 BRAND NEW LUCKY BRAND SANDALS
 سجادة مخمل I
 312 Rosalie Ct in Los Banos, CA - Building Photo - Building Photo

===

Problem to solve |
Reproduce the full listing word for word.

Answer space |
 BRAND NEW LUCKY BRAND SANDALS
 سجادة مخمل I
 312 Rosalie Ct in Los Banos, CA - Building Photo - Building Photo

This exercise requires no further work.